Automatic - true - false Documents are not indexed automatically. HOWEVER —and this is the key difference—the indexing engine is still "On." Result: You can choose to index specific documents manually. In the NoSQL SDKs, you can send a special header (x-ms-indexing-directive: include) with a write request to index only that specific document.

Both are dependent

Action automatic: false indexingMode: Consistent
1. User inserts a new document. Index is NOT created for the document. The Consistent mode's rule to update the index is never triggered because the document was blocked from being indexed by automatic: false.
2. User immediately runs a query for the new document. The query will likely miss the document or result in a high-RU scan, as it is not in the index.  

Note

Mongo version is always Consistent.

Composite index

Unlike indexPaths or excludePath, it must not end with /? or wildcard.

SELECT * FROM products p ORDER BY p.name ASC, p.price ASC

It is important the order is the same (price ASC, name ASC) will cause slower compared to (name ASC, price ASC)

{
  "indexingMode": "consistent",
  "automatic": true,
  ...
  "compositeIndexes": [
    [
      {
        "path": "/name", //No scalar or wildcard
        "order": "ascending"
      },
      {
        "path": "/price",
        "order": "descending"
      }
    ]
  ]
  1. Feature that have to be defined. But if only 1 field, defining either to composite index vs index path makes no difference(just fyi).
  2. Order of ORDER BY is important. Meaning if index is "timestamp ASC then Name ASC", only this SELECT * FROM c WHERE c.timestamp=123123 AND c.name ="John" ORDER BY c.timestamp ASC, c.name ASC will work, NOT SELECT * FROM c WHERE c.name="John" AND c.timestamp=123123 ORDER BY c.name ASC, c.timestamp ASC
  3. When query filter on multiple property, the equality filters MUST be the first property in composite index. What this means is, if the index is "timestamp ASC then Name ASC", this SQL SELECT * FROM c WHERE c.timestamp > 123123123 AND c.name = "John" ORDER BY c.timestamp ASC, c.name ASC or john= AND timestamp >, will NOT WORK. Only with c.timestamp = 123123123 will work.

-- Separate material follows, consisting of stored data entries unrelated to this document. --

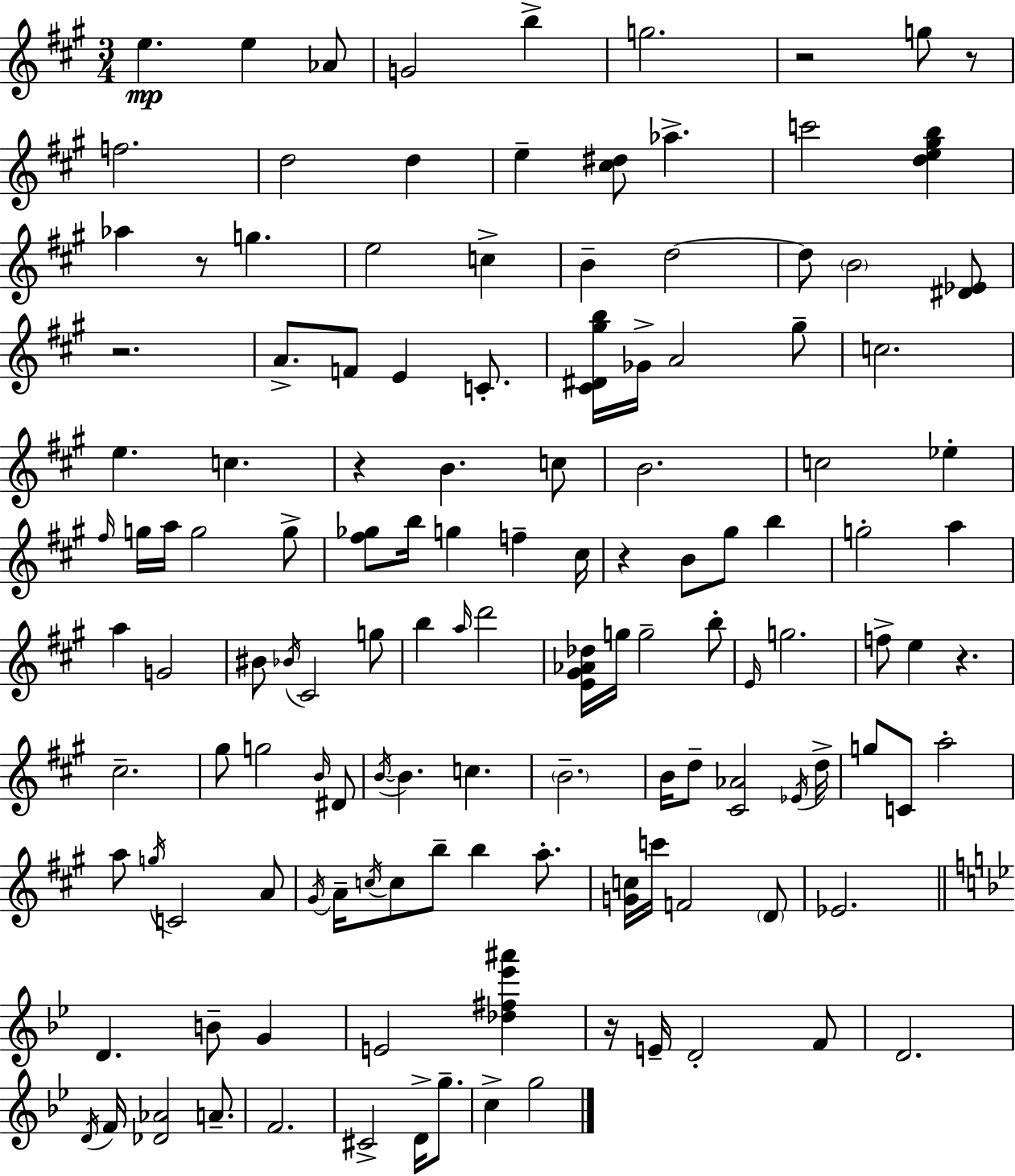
{
  \clef treble
  \numericTimeSignature
  \time 3/4
  \key a \major
  e''4.\mp e''4 aes'8 | g'2 b''4-> | g''2. | r2 g''8 r8 | \break f''2. | d''2 d''4 | e''4-- <cis'' dis''>8 aes''4.-> | c'''2 <d'' e'' gis'' b''>4 | \break aes''4 r8 g''4. | e''2 c''4-> | b'4-- d''2~~ | d''8 \parenthesize b'2 <dis' ees'>8 | \break r2. | a'8.-> f'8 e'4 c'8.-. | <cis' dis' gis'' b''>16 ges'16-> a'2 gis''8-- | c''2. | \break e''4. c''4. | r4 b'4. c''8 | b'2. | c''2 ees''4-. | \break \grace { fis''16 } g''16 a''16 g''2 g''8-> | <fis'' ges''>8 b''16 g''4 f''4-- | cis''16 r4 b'8 gis''8 b''4 | g''2-. a''4 | \break a''4 g'2 | bis'8 \acciaccatura { bes'16 } cis'2 | g''8 b''4 \grace { a''16 } d'''2 | <e' gis' aes' des''>16 g''16 g''2-- | \break b''8-. \grace { e'16 } g''2. | f''8-> e''4 r4. | cis''2.-- | gis''8 g''2 | \break \grace { b'16 } dis'8 \acciaccatura { b'16~ }~ b'4. | c''4. \parenthesize b'2.-- | b'16 d''8-- <cis' aes'>2 | \acciaccatura { ees'16 } d''16-> g''8 c'8 a''2-. | \break a''8 \acciaccatura { g''16 } c'2 | a'8 \acciaccatura { gis'16 } a'16-- \acciaccatura { c''16 } c''8 | b''8-- b''4 a''8.-. <g' c''>16 c'''16 | f'2 \parenthesize d'8 ees'2. | \break \bar "||" \break \key bes \major d'4. b'8-- g'4 | e'2 <des'' fis'' ees''' ais'''>4 | r16 e'16-- d'2-. f'8 | d'2. | \break \acciaccatura { d'16 } f'16 <des' aes'>2 a'8.-- | f'2. | cis'2-> d'16-> g''8.-- | c''4-> g''2 | \break \bar "|."
}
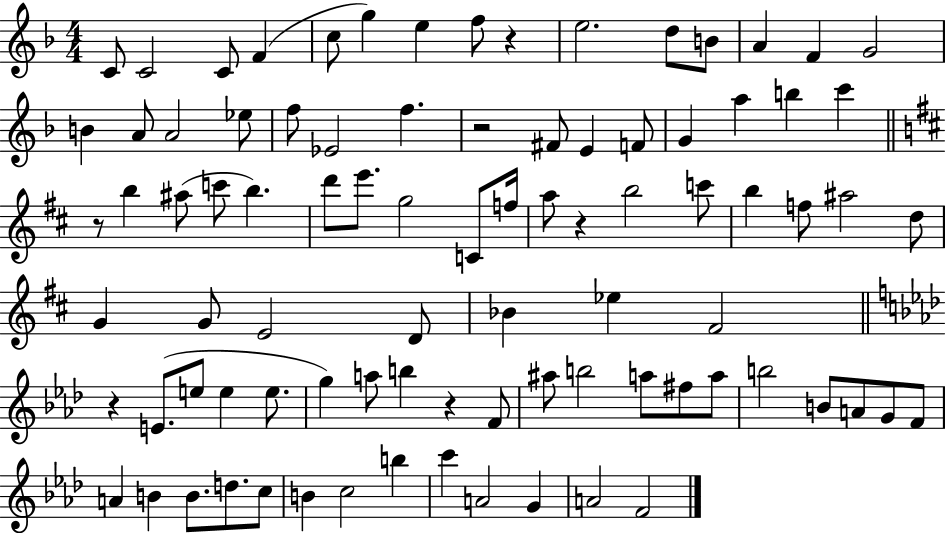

But if "name ASC, timestamp ASC" then SQL SELECT * FROM c WHERE c.name="John" AND c.timestamp > 123 ORDER BY c.name ASC, c.timestamp ASC, will WORK. The logic is order of index corresponds to equality.
  4. ASC, DESC must match for ORDER BY. See mix order.
  5. WHERE statement can exclude from filter, e.g. composite index is "name, age" the SQL SELECT * from c where name="John" ORDER BY name ASC, age ASC will work.
  6. Composite Index should not have /? or /* and is CASE-SENSITIVE. Also remember that tuple/array is not supported with composite index.
{
  "indexingMode": "Consistent",
  "compositeIndexes": [
    [{
      "path":"/name",
      "order": "ascending"
    },
   {
      "path":"/age",
      "order": "ascending"
    }],
    [...] //NOTE: It's array of array.
  ]
}

Mixing composite index sort order

Cosmos DB's query engine can use a composite index in two ways: - Forward Scan: Reading the index in the defined order. - Backward Scan: Reading the index in the reverse of the defined order (e.g., an ASC index can serve a DESC query). - if you want to support both ASC,ASC and ASC,DESC; then create 2 composite index which will create more write RU but less read RU.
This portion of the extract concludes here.